Data shown:
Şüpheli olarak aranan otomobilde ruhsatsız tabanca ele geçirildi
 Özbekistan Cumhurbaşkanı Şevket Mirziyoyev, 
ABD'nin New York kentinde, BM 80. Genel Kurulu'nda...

...

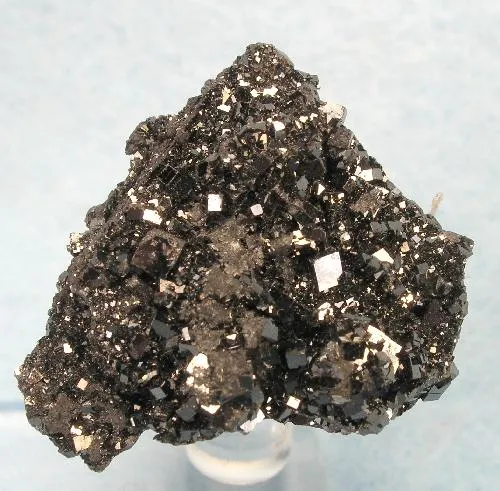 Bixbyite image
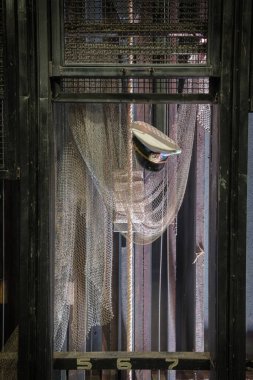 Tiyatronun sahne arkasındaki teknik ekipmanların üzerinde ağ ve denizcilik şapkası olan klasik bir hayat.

What you are asked to do: Using the records above, set down exactly the lines from the one with "Özbekistan Cumhurbaşkanı Şevket" through the one with "ABD'nin New York", inclusive, and nothing more.

Answer section:
 Özbekistan Cumhurbaşkanı Şevket Mirziyoyev, 
ABD'nin New York kentinde, BM 80. Genel Kurulu'nda...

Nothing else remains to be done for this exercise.